With drawIndexedIndirect, the "count" of how many objects to draw lives in a GPUBuffer. The JavaScript code doesn't even know how many objects are being drawn; it just tells the GPU: "Look at this buffer, and draw whatever number is written at byte 0."

// Drawing 100,000 objects without JS knowing which ones are visible
renderPass.setPipeline(pipeline);
renderPass.setBindGroup(0, globalBindGroup);
renderPass.setVertexBuffer(0, masterVertexBuffer);
// The draw command parameters are fetched from a buffer on the GPU
renderPass.drawIndexedIndirect(indirectBuffer, 0); 

Summary: The Architectural Shift

Achieving 100,000 active objects in WebGPU isn't about writing a faster loop; it's about avoiding the loop entirely.

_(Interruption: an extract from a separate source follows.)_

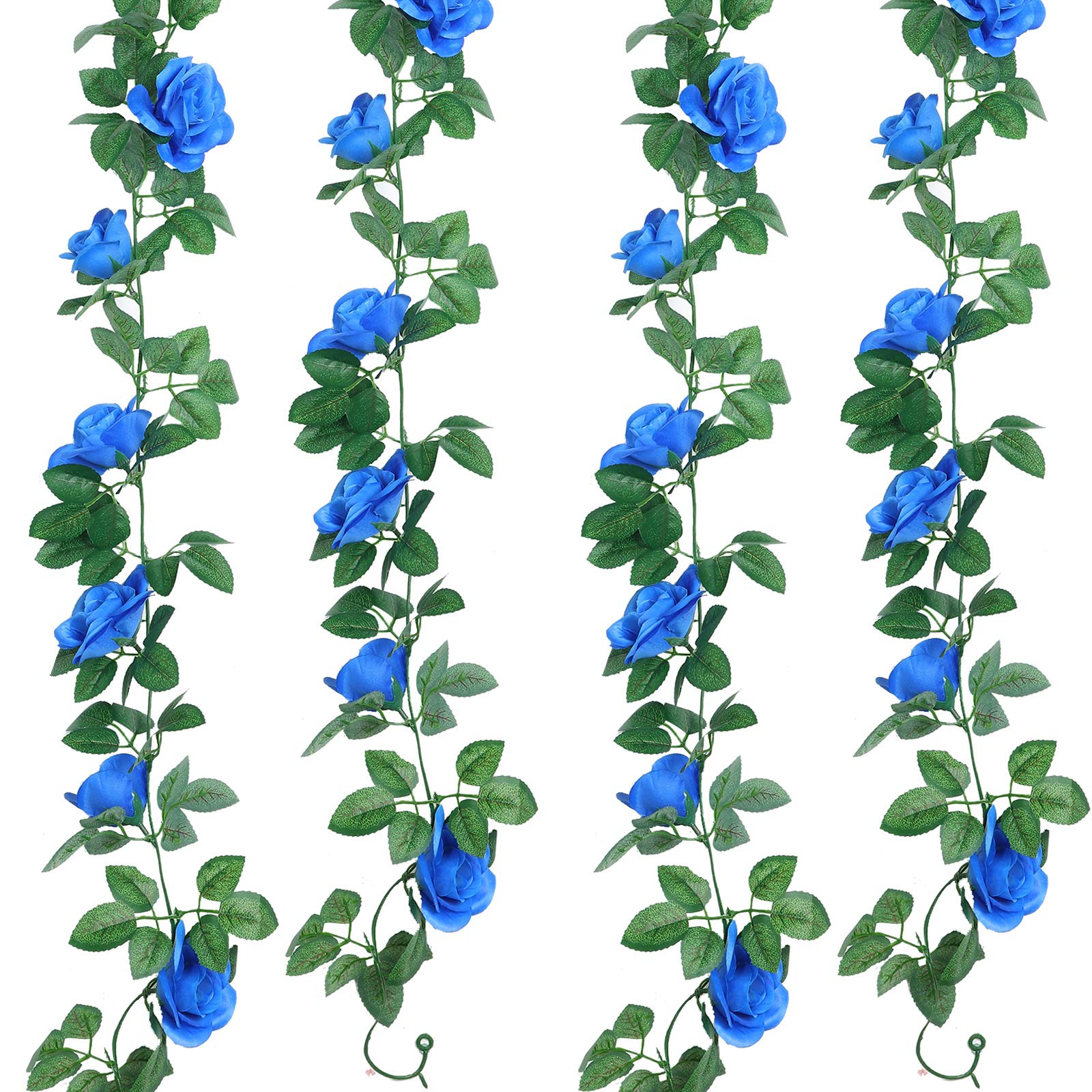 Syhood Artificial Rose Garlands Rose Vines Leaves Banners Hanging Fake Floral Garland Flower Vine for Wedding Arch Ceremony Home Garden Outdoor Party Wall Decorations, 14.4 ft(Royal Blue,2 Pieces)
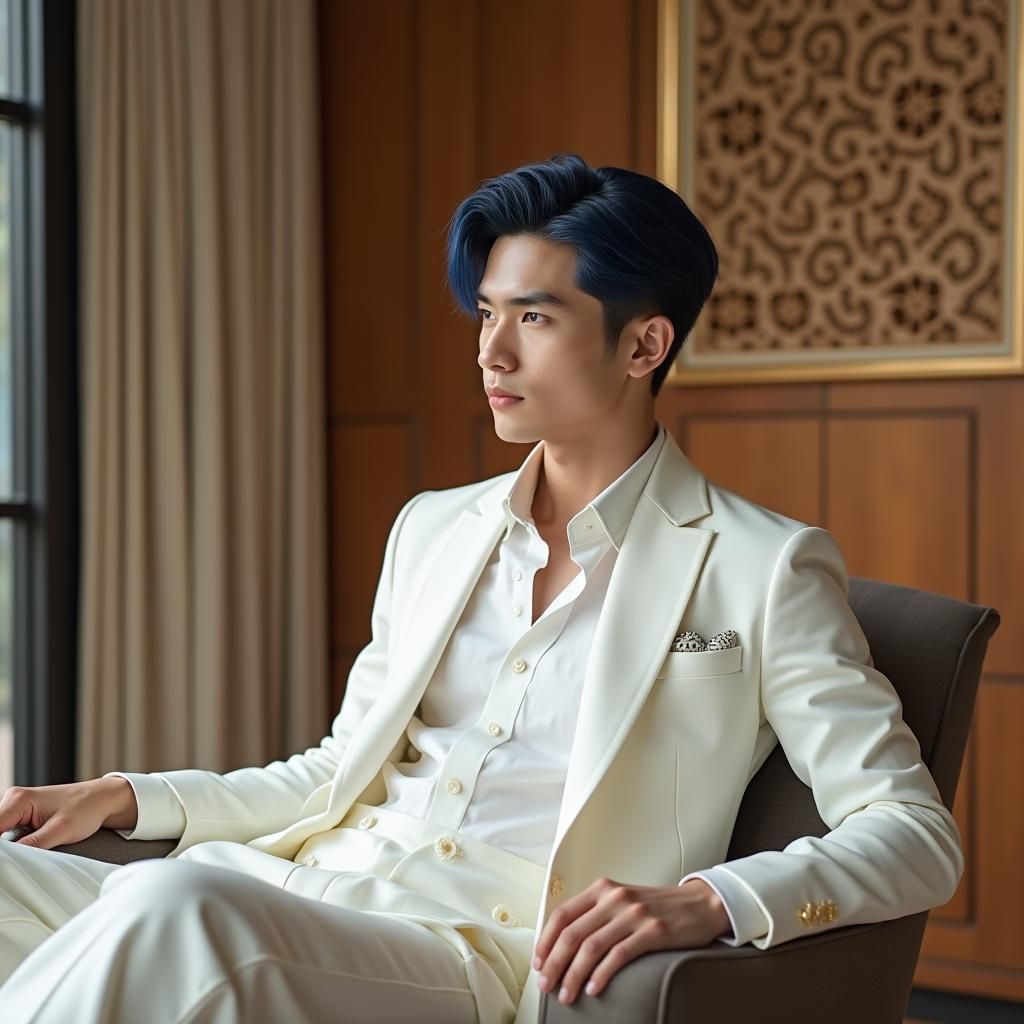 Elegant Young Adult Man in Luxury Japanese Room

1. Eliminate the overhead: Use GPURenderBundle to bake your draw calls so the browser doesn't have to re-validate them every frame.
2. Flatten your data: Stop using individual uniform buffers. Use one massive Storage Buffer and index into it using instance_index.
3. Stay on the GPU: Use Compute Shaders for culling and drawIndirect to keep the visibility logic on the hardware.

The move from WebGL to WebGPU is a move from "telling the GPU what to do" to "setting up a system where the GPU tells itself what to do." If your JavaScript is doing more than just passing a few orchestration buffers per frame, you aren't yet tapping into the real power of the API. Focus on the bundles, respect the validation cost, and let the storage buffers carry the weight.